L’11 Settembre non è finito

11 Settembre 2016

La rabbia e l’orgoglio, scriveva Oriana Fallaci dopo l’11 Settembre. Oggi agli americani è rimasta la rabbia, il sessanta per cento dei cittadini statunitensi prova questo sentimento pensando all’attacco alle Torri Gemelle. Ma al posto dell’orgoglio cresce la paura, il quaranta per cento della popolazione Usa teme che possa esserci un altro attentato stile San Bernardino nel giorno della commemorazione dell’11/9. 

Rabbia e paura che le guerre di Bush figlio, con un costo enorme per gli Usa, oltre cinquemila soldati caduti, cinquantamila feriti, 1,6 miliardi di dollari spesi in Iraq e Afghanistan dal 2001 al 2014, non siano servite a “estirpare il male”, come si prometteva nei circoli neoconservatori. Rabbia e paura per i fallimenti di Obama in politica estera, la “mano tesa” verso i lupi, il discorso del Cairo che si sfracella contro il disastro delle primavere arabe, la mattanza siriana e quella libica. 

Dall’eliminazione di Bin Laden senza riuscire  a catturarlo vivo per regalargli una cura speciale a Guantanamo, al ritiro dall’Iraq dove restano ancora 5mila americani (troppo pochi per completare la missione del suo predecessore), al presidente Obama vanno rimproverate molte cose. Se non sono bastate le guerre di Bush, si chiedono gli esperti, come potrebbe bastare il paradigma dell’incertezza di Obama a sconfiggere il terrorismo islamico? E in cosa cambierebbe la già compromessa dottrina Clinton? L’America è sprofondata in una guerra permanente?
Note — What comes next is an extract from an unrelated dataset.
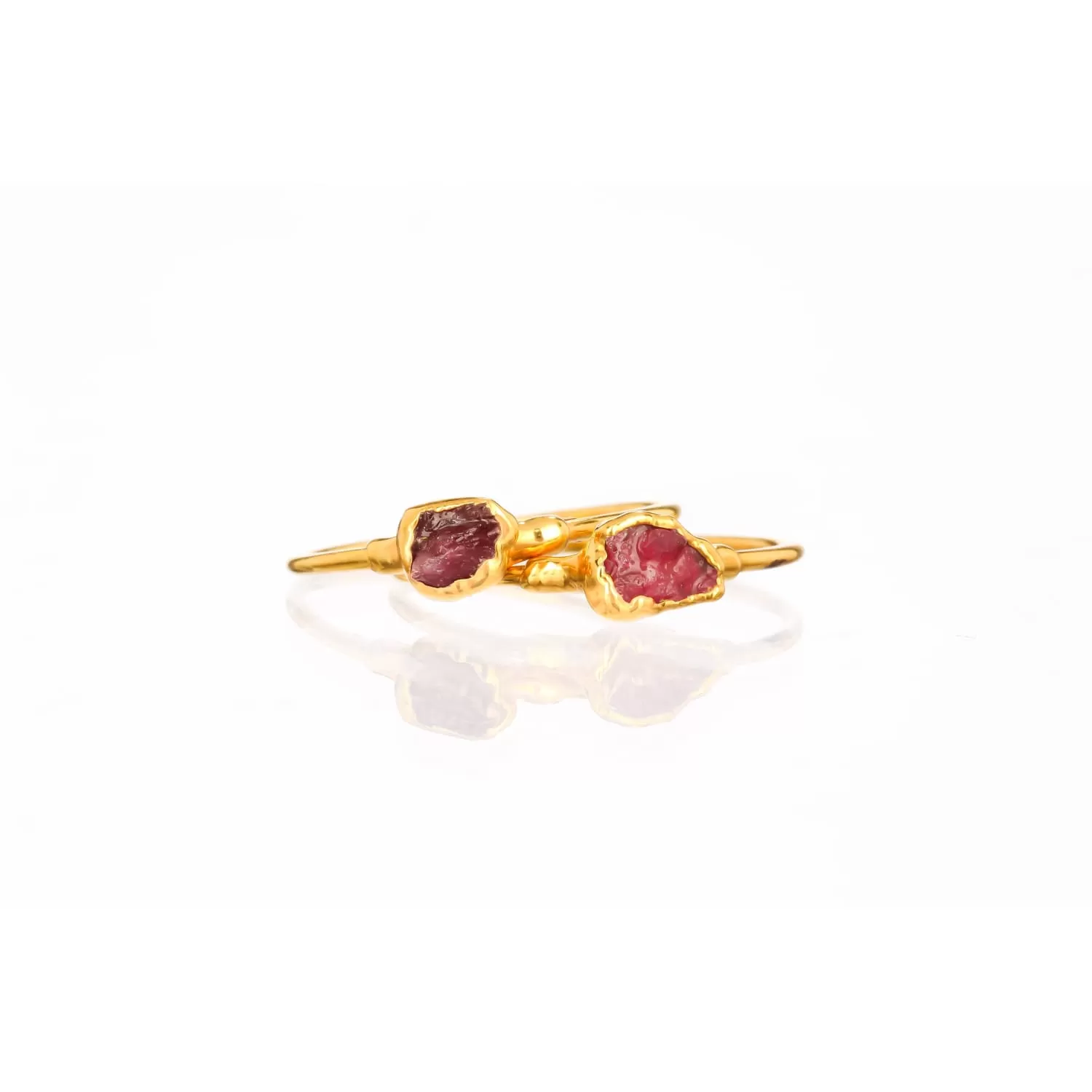 Dainty Raw Ruby Ring in Yellow Gold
Rabbia e paura sembrano spianare la strada a Donald Trump, ma non è chiaro a quel punto cosa farebbe la Casa Bianca, se gli Usa si arrenderebbero a giocare un ruolo rilevante ma non preminente in un nuovo scenario multilaterale, com’è probabile, o ci sarebbe da temere per la valigetta nucleare, dicono con preoccupazione gli avversari del Don. Obama nel suo discorso di commemorazione dell’11 Settembre ha chiesto agli americani di non votare Trump, di non fidarsi di chi vuole “dividere il Paese” e tradire “gli ideali americani”, ma non si capisce a quali ideali faccia riferimento il premio nobel che si è arreso al caos in Nord Africa e Medio Oriente, forse ritenendolo migliore di una sconfitta militare. 

Rabbia e paura che in questo ordine internazionale emergente, nella “Nuova Vestfalia”, la pace che nel 1648 pose fine alla guerra dei trent’anni, l’islam e suoi “stati-guida”, il regno saudita, l’Iran, la “democrazia” turca, vecchi e nuovi “stati-canaglia”, alla fine non riescano a mettersi d’accordo, e che il disastro umanitario in atto da oltre un decennio tra Siria e Iraq possa ampliarsi, nonostante tutte le rassicurazioni che arrivano sulla sconfitta imminente dello Stato Islamico. Ecco, gli americani sono arrabbiati e impauriti perché sentono che l’11 Settembre non è finito.